Below are some records. Write out exactly their lines from the one with "Casa Semi Indipendente" through the one with "Slide: The Image", and leave the pictures behind.

:: GIVEN DATA

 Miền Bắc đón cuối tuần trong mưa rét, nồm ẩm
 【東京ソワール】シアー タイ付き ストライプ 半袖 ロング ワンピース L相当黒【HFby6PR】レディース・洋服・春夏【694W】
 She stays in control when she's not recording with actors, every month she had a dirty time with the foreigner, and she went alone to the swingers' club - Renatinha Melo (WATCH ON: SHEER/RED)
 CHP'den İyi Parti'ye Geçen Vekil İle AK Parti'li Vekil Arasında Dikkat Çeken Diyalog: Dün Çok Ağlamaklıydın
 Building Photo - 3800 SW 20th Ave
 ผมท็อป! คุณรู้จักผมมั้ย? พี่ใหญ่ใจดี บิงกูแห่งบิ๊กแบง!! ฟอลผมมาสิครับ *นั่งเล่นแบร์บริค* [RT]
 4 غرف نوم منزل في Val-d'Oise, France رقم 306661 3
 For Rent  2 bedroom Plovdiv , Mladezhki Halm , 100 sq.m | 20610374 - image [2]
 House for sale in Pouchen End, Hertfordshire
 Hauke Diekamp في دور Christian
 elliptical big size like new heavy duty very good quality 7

::::
:: GIVEN DATA

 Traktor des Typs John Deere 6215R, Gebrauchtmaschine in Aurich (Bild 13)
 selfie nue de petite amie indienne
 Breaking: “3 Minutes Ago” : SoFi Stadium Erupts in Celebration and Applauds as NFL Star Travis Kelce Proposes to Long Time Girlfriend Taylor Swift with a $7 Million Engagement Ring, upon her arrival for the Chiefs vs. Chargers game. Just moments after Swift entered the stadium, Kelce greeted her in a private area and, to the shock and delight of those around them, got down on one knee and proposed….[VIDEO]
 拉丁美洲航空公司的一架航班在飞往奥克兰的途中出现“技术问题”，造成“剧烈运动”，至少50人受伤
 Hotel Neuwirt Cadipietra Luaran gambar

::::
:: GIVEN DATA

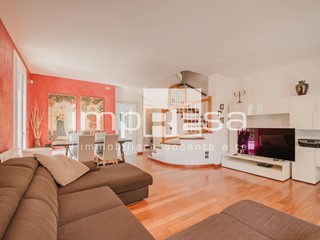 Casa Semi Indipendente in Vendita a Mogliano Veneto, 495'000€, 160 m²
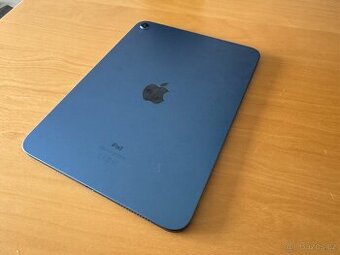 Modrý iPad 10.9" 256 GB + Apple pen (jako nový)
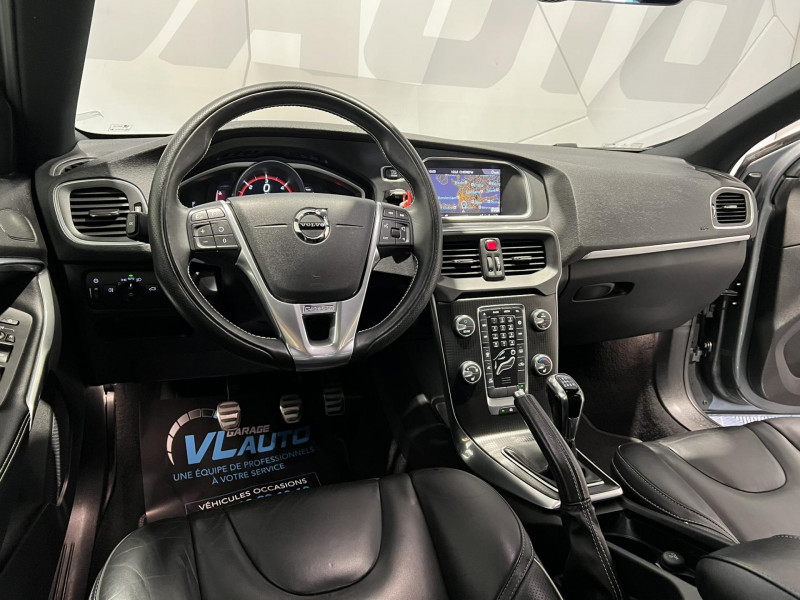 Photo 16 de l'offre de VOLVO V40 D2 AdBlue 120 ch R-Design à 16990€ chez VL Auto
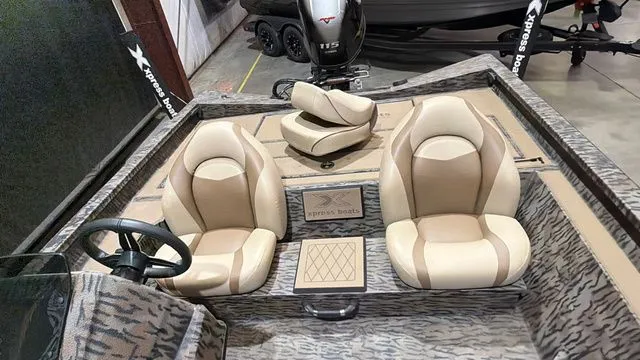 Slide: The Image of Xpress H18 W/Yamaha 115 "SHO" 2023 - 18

::::

• [RESPONSE]:
 Casa Semi Indipendente in Vendita a Mogliano Veneto, 495'000€, 160 m²
 Modrý iPad 10.9" 256 GB + Apple pen (jako nový)
 Photo 16 de l'offre de VOLVO V40 D2 AdBlue 120 ch R-Design à 16990€ chez VL Auto
 Slide: The Image of Xpress H18 W/Yamaha 115 "SHO" 2023 - 18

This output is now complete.